PurposeFDG uptake mediated by glucose transporter type 1 (Glut-1) and tumor proliferative activity assessed by Ki-67 expression provide prognostic information in patients with non-small-cell lung cancer (NSCLC). Here, we compared the prognostic significances of FDG uptake, and of Glut-1 and Ki-67 expressions in patients with NSCLC.MethodsNSCLC patients (n = 53, F:M = 16:37, age 61.9 ± 12.1 years) who underwent curative resection after FDG-PET were enrolled. Thirty-one patients had stage I, 15 stage II, and 7 stage III disease. Patients were treated by surgery only (n = 12), surgery plus adjuvant oral chemotherapy (n = 32), or surgery plus adjuvant intravenous chemo- or radio-therapy (n = 9).
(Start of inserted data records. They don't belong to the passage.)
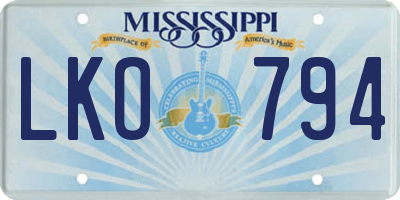 MS license plate LKO794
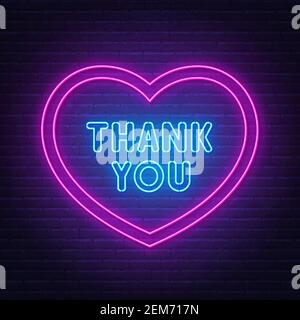 Thank you neon sign in a heart-shaped frame on brick wall background . Stock Vector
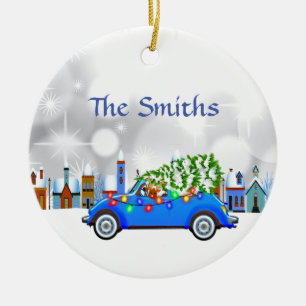 Little Blue Car & Tree Christmas Custom Ceramic Tree Decoration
Maximum standardized FDG uptake values (maxSUV), and the Glut-1 and Ki-67 expressions of resected tumors were analyzed for correlations and relations with tumor recurrence. The median follow-up duration was 15 months.ResultsThirteen (24.5%) of the 53 patients experienced recurrence during a median follow-up of 8 months and significant correlations were found between maxSUV, Glut-1, and Ki-67 expressions (r = 0.48–0.79, p < 0.001). Univariate analysis revealed that disease-free survival (DFS) was significantly correlated with maxSUV (<7 versus ≥7, p = 0.001), % Ki-67 expression (<25% versus ≥25%, p = 0.047), tumor size (<3 cm versus ≥3 cm, p = 0.027), and tumor cell differentiation (well/moderate versus poor, p = 0.011). However, multivariate Cox proportional analysis identified maxSUV as the only determinant of DFS (p = 0.005). Patients with a maxSUV of ≥7 (n = 14) had a significantly lower 1-year DFS rate (57.1%) than those with a maxSUV of <7 (n = 39, 89.7%).ConclusionFDG uptake is more valuable than Glut-1 or Ki-67 expression in terms of predicting prognosis in patients with resected NSCLC.